VMAFvideo qualityNetflixencoding optimization

VMAF Explained: The Perceptual Quality Metric Your Encoding Pipeline Needs

11 min read Dimitar Todorov

VMAF is the perceptual quality metric Netflix uses to measure video quality. Here's how it works, what scores mean, and why your encoding pipeline needs it.

You encoded a video at 4 Mbps. Is it good quality? The honest answer is: you have no idea. A talking-head interview might look pristine at 4 Mbps. A fast-paced action sequence at the same bitrate could be an unwatchable mess of blocking artifacts. Bitrate tells you how many bits you spent, not what you got for them.

This is the fundamental problem that VMAF solves. Instead of measuring how much data you used, it measures how good the result actually looks — from a human viewer’s perspective.

The problem with bitrate

For years, the video industry used bitrate as a proxy for quality. The logic was straightforward: higher bitrate means more data, which means better quality. Encoders would target a fixed bitrate — say 5 Mbps for 1080p — and call it a day.

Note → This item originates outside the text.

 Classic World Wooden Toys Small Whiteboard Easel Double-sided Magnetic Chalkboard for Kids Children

This approach fails because video content varies enormously in complexity:

Content type Complexity Quality at 4 Mbps (H.264)
Static lecture slides with voiceover Very low Excellent — nearly lossless
Interview with minimal movement Low Very good
Drama with moderate scene changes Medium Good
Live sports with fast camera pans High Noticeable artifacts
Action film with explosions and debris Very high Visibly degraded

A nature documentary with slow, sweeping landscape shots might look stunning at 3 Mbps. A Formula 1 race with rapid motion, tire spray, and crowds could need 10 Mbps to reach the same perceived quality. Bitrate alone cannot capture this relationship.

The industry needed a metric that answers a different question: not “how much data did we use?” but “how does this actually look to a human viewer?”

What is VMAF?

Video Multi-Method Assessment Fusion (VMAF) is a perceptual video quality metric developed by Netflix in collaboration with the University of Southern California. First released in 2016, it produces a score from 0 to 100 that predicts how a human viewer would rate the quality of a compressed video compared to its uncompressed source.

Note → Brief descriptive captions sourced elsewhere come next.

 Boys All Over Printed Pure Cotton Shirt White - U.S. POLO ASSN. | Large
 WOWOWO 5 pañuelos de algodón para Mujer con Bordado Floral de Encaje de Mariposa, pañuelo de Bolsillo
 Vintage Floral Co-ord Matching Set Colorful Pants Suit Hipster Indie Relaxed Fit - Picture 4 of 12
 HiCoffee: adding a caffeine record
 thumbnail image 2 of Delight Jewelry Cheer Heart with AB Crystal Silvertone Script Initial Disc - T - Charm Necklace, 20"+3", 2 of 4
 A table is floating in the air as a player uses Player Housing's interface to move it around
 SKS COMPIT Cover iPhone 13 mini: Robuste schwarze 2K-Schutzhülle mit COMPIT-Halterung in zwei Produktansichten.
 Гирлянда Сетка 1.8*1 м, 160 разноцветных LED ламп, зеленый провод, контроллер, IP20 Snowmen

The key insight behind VMAF is in the name: fusion. Rather than relying on a single quality measurement approach, VMAF combines multiple elementary metrics using a machine learning model trained on thousands of human quality ratings. The component metrics include:

  • Visual Information Fidelity (VIF) — measures information loss at multiple spatial scales, capturing detail degradation
  • Detail Loss Metric (DLM) — quantifies the loss of fine detail and texture
  • Motion — accounts for temporal masking, where the human visual system is less sensitive to artifacts during high motion

These individual signals feed into a support vector machine (SVM) regression model that was trained on a dataset of over 10,000 subjective quality ratings from human viewers. The model learned how humans weight different types of degradation, producing a single score that correlates strongly with actual perceived quality.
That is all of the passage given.